Quote exactly the lines from the start of the entries to the one with "Volkswagen Passat Variant - 3", both ends included.

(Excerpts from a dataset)
※ ※ ※
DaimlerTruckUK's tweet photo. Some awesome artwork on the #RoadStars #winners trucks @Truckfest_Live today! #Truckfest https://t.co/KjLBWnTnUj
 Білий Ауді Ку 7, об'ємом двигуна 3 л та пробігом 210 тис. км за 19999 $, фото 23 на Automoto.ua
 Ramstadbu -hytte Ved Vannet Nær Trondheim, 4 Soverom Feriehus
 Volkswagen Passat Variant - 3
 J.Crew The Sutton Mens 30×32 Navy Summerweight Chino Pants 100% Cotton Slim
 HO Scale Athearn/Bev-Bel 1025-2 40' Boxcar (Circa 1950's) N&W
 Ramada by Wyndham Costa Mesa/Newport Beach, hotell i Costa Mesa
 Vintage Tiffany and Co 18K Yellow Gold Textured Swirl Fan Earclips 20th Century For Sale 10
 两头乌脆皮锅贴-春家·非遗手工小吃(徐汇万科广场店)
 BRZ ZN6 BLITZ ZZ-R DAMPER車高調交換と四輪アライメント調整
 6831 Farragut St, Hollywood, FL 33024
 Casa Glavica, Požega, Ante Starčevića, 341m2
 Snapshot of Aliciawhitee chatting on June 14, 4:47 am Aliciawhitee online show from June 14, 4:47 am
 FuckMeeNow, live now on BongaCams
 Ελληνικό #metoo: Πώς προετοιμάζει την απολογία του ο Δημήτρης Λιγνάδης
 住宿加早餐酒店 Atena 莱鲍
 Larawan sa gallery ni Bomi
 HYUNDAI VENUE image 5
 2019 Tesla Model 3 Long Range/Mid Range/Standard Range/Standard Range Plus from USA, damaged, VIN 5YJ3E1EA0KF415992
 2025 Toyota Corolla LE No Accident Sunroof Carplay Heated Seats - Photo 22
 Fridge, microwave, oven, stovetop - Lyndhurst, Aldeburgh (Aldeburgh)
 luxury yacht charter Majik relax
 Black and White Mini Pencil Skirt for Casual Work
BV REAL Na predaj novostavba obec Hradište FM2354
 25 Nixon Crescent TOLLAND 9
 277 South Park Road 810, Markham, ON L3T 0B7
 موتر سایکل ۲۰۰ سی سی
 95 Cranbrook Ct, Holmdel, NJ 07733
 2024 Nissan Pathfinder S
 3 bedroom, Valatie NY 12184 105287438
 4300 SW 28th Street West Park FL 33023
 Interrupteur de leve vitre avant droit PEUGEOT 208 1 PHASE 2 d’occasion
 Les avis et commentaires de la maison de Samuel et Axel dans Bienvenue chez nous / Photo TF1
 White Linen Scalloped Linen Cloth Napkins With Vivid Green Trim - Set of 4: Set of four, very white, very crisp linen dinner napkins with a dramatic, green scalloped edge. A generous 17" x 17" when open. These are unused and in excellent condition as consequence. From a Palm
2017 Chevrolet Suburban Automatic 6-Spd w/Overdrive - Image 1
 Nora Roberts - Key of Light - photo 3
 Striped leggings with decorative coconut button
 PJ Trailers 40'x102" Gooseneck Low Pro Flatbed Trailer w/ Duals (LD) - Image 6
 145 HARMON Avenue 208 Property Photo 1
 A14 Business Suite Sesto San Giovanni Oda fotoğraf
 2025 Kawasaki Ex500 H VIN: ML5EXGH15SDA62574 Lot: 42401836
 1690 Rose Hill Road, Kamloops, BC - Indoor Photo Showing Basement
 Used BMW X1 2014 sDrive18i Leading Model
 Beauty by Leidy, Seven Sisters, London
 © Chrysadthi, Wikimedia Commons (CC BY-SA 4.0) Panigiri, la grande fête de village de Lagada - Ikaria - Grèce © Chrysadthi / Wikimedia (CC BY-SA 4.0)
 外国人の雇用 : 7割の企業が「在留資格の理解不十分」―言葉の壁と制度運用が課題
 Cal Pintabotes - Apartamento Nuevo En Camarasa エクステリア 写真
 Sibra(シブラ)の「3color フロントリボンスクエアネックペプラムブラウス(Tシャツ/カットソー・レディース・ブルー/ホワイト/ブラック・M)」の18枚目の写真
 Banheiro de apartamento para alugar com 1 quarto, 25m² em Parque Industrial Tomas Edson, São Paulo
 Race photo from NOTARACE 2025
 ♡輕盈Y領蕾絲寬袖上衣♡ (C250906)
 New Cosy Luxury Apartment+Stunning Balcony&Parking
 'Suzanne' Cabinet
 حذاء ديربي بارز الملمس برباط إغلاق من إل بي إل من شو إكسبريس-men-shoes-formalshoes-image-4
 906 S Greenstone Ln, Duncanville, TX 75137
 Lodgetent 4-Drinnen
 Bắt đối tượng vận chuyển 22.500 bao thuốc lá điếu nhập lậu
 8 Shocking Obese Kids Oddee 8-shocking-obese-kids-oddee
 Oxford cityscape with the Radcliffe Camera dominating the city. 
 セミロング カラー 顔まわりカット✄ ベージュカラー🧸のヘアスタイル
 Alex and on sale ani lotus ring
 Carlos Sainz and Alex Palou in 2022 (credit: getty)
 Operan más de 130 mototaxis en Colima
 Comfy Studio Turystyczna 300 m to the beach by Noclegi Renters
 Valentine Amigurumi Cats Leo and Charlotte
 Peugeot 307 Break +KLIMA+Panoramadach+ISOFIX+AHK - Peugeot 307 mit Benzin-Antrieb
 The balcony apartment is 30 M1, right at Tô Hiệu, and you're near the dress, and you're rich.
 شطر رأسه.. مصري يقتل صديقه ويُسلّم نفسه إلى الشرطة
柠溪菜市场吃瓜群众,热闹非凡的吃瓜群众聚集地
※ ※ ※
**Output of the exercise**.
DaimlerTruckUK's tweet photo. Some awesome artwork on the #RoadStars #winners trucks @Truckfest_Live today! #Truckfest https://t.co/KjLBWnTnUj
 Білий Ауді Ку 7, об'ємом двигуна 3 л та пробігом 210 тис. км за 19999 $, фото 23 на Automoto.ua
 Ramstadbu -hytte Ved Vannet Nær Trondheim, 4 Soverom Feriehus
 Volkswagen Passat Variant - 3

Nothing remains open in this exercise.